In no other field of science can you create a garbage-in/garbage-out video game about one of the most complex nonlinear systems known to science, the earth climate, and make wild guesses and get paid for it -- not to mention being celebrated in the pages of Nature. You just take a data point from fifty years ago, add another point from the 1990s, project it all to 2030, make inferences from chlorine to ozone to global warming, publish the result, and get celebrated for your non-existent proof of current pop orthodoxy about Armageddon.

And no, this is not "a big signal" in climate evidence, Professor Pyle. It's a big signal in your model. If you tweak a dozen other variables you could change that result without ever leaving your desk. And what's more, you and all the other global warming frauds out there know that perfectly well.

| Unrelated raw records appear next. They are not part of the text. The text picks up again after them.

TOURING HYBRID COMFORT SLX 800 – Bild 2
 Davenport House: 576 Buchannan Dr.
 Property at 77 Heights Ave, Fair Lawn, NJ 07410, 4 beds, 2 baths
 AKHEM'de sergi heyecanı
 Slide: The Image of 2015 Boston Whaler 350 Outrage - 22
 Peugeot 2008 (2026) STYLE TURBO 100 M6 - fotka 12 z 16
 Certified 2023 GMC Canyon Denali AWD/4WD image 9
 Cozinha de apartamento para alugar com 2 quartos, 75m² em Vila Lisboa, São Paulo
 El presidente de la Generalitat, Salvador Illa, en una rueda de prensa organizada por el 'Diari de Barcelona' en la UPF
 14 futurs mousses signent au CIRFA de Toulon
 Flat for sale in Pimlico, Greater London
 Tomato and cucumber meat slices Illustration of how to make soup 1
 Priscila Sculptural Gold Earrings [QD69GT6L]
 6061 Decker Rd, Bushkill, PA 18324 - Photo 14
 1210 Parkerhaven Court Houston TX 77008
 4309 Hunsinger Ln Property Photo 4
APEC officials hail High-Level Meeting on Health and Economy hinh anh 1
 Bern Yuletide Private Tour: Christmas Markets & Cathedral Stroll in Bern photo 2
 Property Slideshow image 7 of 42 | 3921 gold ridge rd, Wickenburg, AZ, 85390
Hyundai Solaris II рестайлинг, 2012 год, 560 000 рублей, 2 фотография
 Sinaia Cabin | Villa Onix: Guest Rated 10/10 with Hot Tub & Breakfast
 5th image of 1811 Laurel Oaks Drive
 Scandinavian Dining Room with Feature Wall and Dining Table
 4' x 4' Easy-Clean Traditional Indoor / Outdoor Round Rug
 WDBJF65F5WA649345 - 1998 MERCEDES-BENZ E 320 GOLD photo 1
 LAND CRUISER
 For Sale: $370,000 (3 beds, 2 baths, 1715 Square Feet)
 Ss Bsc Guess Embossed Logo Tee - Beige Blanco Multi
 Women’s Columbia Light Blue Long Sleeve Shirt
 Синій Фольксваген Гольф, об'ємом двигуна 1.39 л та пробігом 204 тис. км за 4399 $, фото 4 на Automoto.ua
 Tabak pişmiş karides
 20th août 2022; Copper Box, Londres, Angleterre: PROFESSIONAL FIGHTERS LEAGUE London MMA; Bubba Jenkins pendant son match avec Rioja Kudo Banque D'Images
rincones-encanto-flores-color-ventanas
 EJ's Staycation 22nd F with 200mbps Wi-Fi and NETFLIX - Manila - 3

This is a sad reflection of the corruption of the scientific enterprise. Non fingo hypothesi, said Newton when he was urged to perform a similar miracle in his time: I do not make wildly speculative hypotheses. Today we do perform miracles of prediction, and earn Nobel Peace Prizes for superannuated politicians, not to mention billions of dollars to support fraudulent superstition in the name of science.

Today's climate modeling has gone far beyond Isaac Newton. Or beyond any other scientist in history, for that matter. Today, we can not only predict the things that will happen to Planet Earth a hundred years from now within a few degrees Centigrade, we can also tell you about all the terrible things that woulda happened if our Green politicians hadn't passed the Montreal Protocol.